### [Task to complete]
Your reply must contain the full listing below, reproduced exactly, but no pictures.

### [Records supplied]
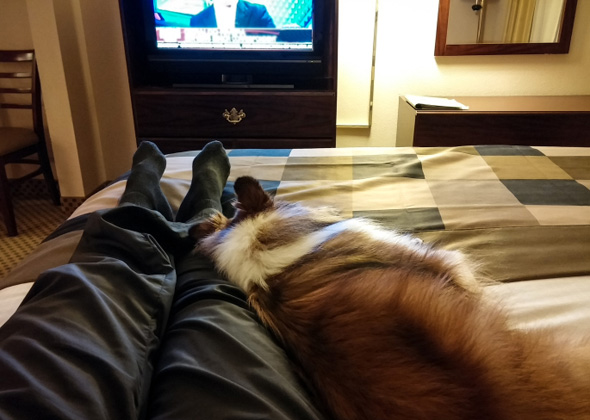 5 Tips To Solve Your Dog S Barking Problem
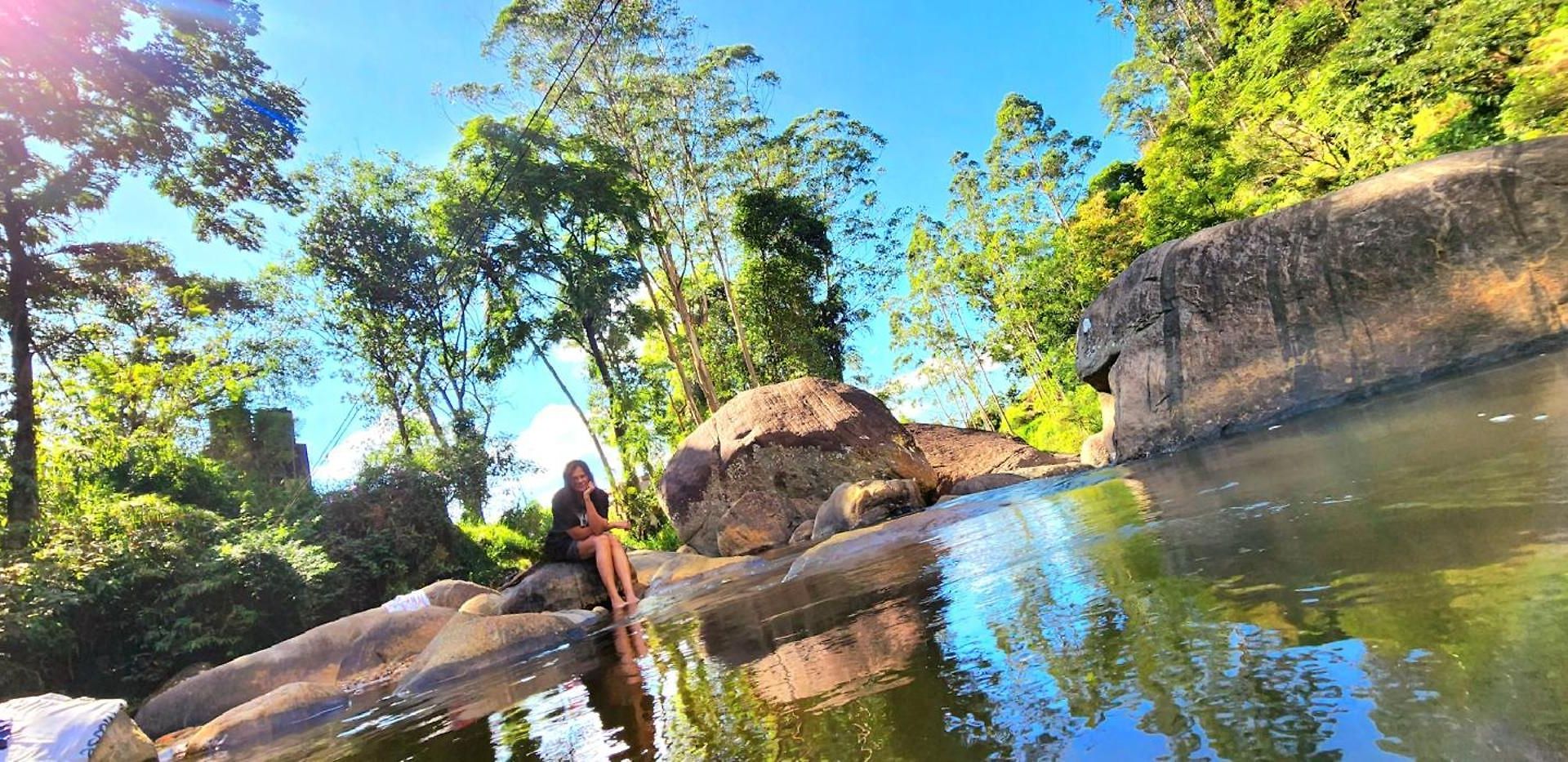 Kithul * Nuwara Eliya
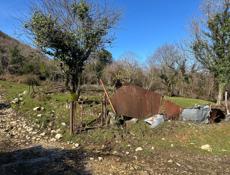 Команы рядом с рестораном 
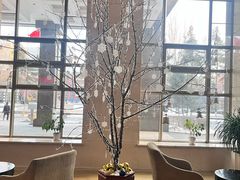 -牡丹江世茂假日酒店
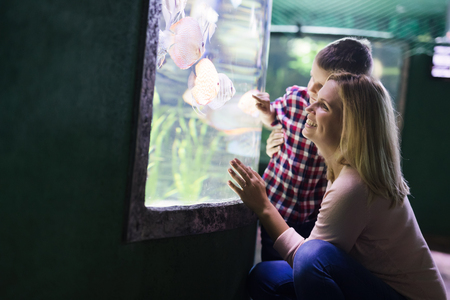 Mother and son watching sea life in oceanariumの写真素材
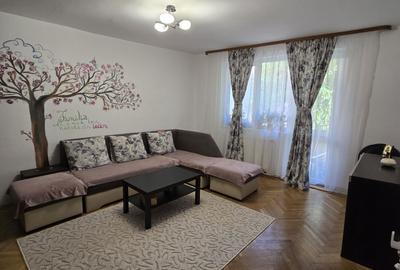 Apartament cu 2 camere decomandat în Cetate - 4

### [Task output]
 5 Tips To Solve Your Dog S Barking Problem
 Kithul * Nuwara Eliya
 Команы рядом с рестораном 
 -牡丹江世茂假日酒店
 Mother and son watching sea life in oceanariumの写真素材
 Apartament cu 2 camere decomandat în Cetate - 4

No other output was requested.